Após pressão – via redes sociais – que em março contribuíram para que o reino liberasse 130 bilhões de dólares destinados às áreas social e de infraestrutura, agora um frágil, tênue esboço de direito está sendo concedido às mulheres: a participação feminina nas eleições municipais — elas próprias algo recente no país, já que começaram em 2005. Por um conselho do reino do qual só participam homens, evidentemente.

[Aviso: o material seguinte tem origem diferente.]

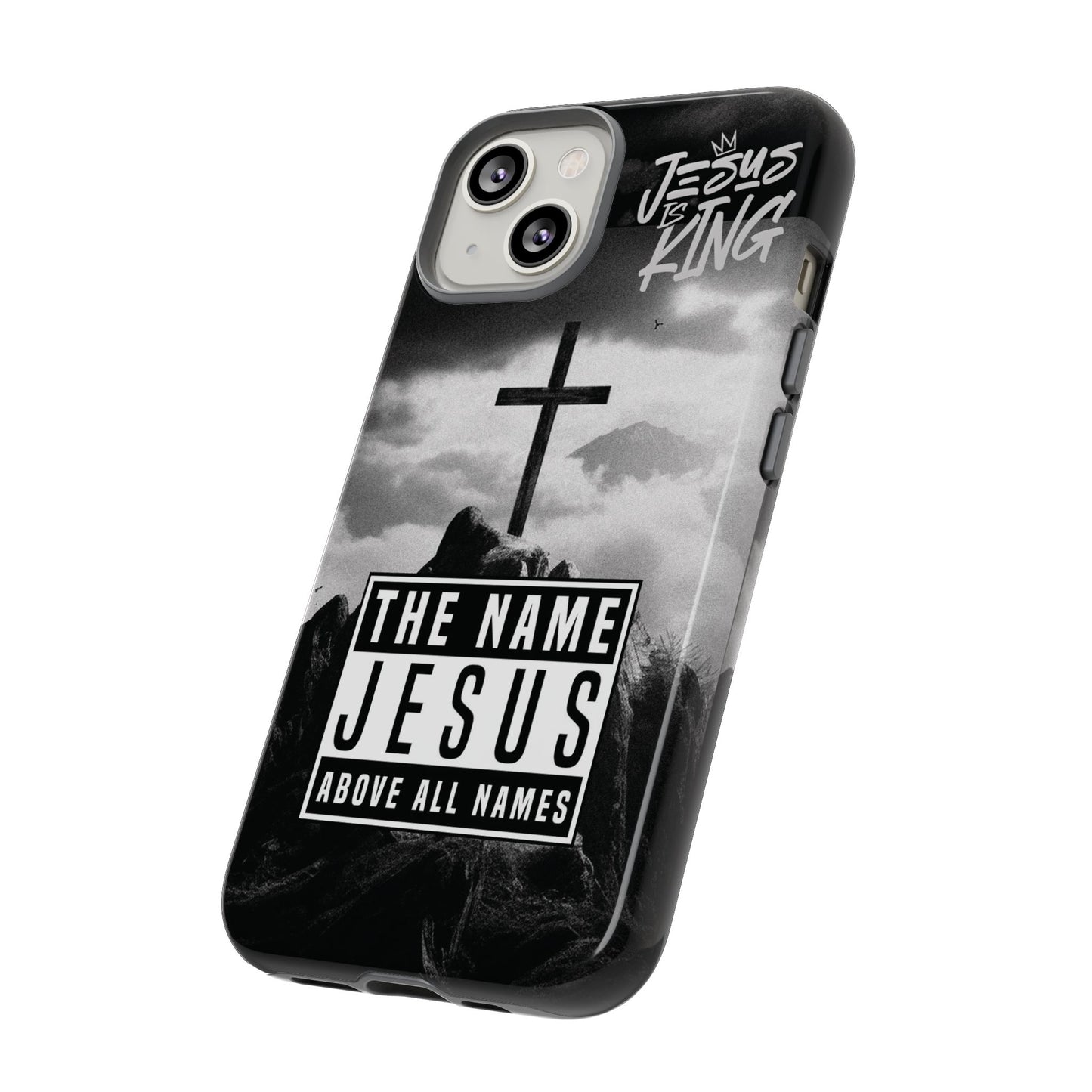 The Name Above All Names, Phone Case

A partir de 2015 – o que exclui, portanto, as eleições da semana que vem -, as mulheres sauditas poderão votar e se candidatar, anunciou no sábado o rei Abdullah bin Abdulaziz al-Saud. Uma decisão inédita em 88 anos da monarquia al-Saud. “Nos recusamos a marginalizar as mulheres na sociedade nos papéis que estejam de acordo com a sharia (lei islâmica)”, disse, no que soa como uma ironia num dos países do mundo em que as mulheres menos têm direitos.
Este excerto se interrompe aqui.